§ What is expected
Repeat only the lines between the one with "Salaş Kesim Yarasa Kol Uzun Elbise" and the end of the material below, both ends included. Omit any picture.

§ Data section

|---|

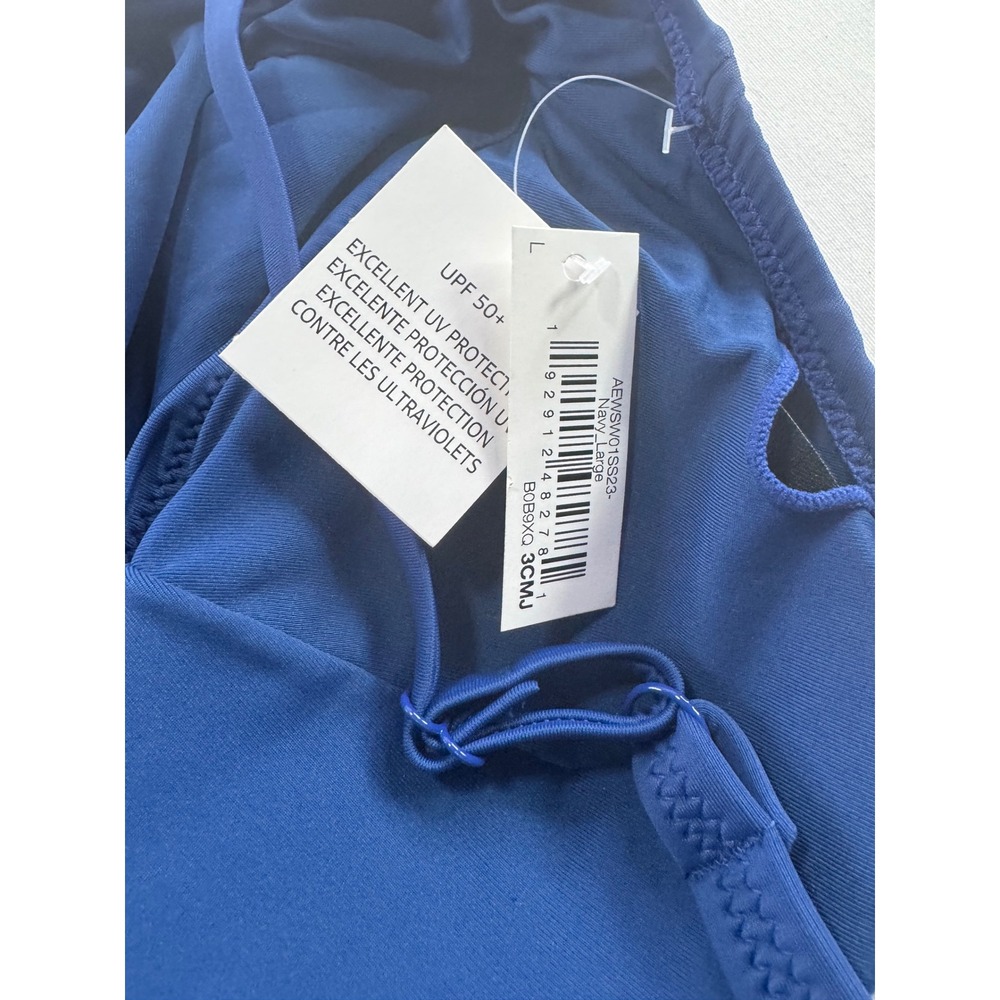 Amazon Essentials Womens‎ One Piece Swimsuit Size L Navy Blue V-Neck Ruched New - Picture 9 of 9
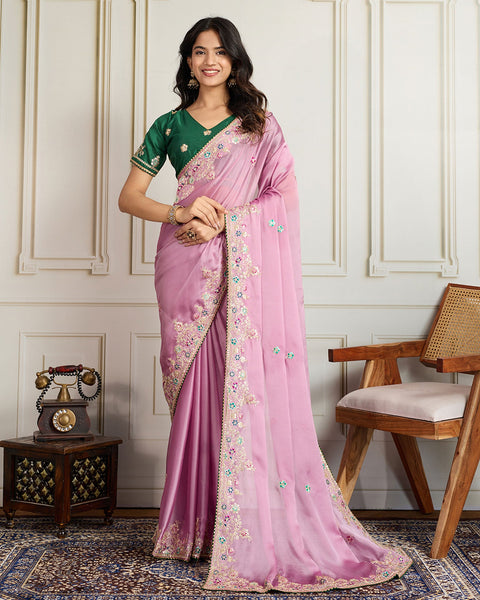 Baby Pink Georgette Saree With Embroidered Art Silk Green Blouse For Women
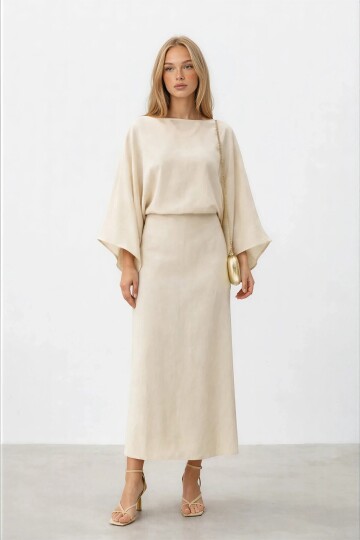 Salaş Kesim Yarasa Kol Uzun Elbise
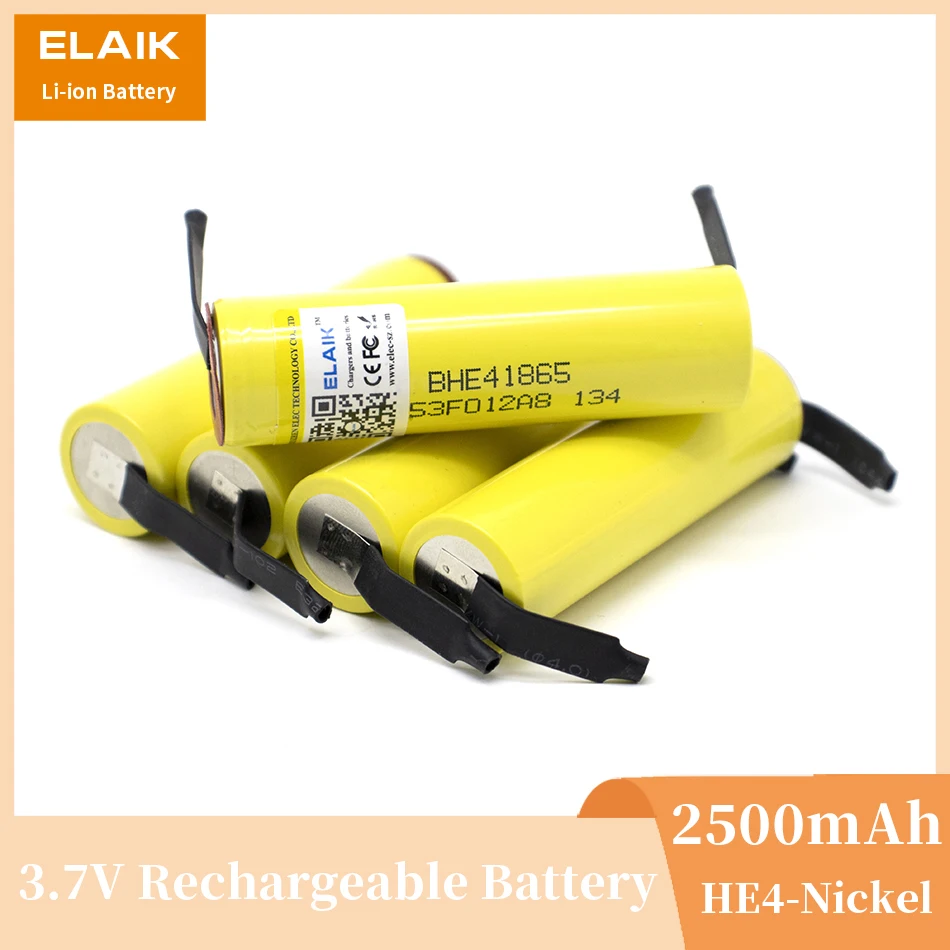 

ELAIK 1-12PCS HE4 2500mAh lithium battery 18650 3.6V power supply rechargeable battery maximum 20A, 35A discharge + nickel sheet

|---|

§ Exercise answer
 Salaş Kesim Yarasa Kol Uzun Elbise

ELAIK 1-12PCS HE4 2500mAh lithium battery 18650 3.6V power supply rechargeable battery maximum 20A, 35A discharge + nickel sheet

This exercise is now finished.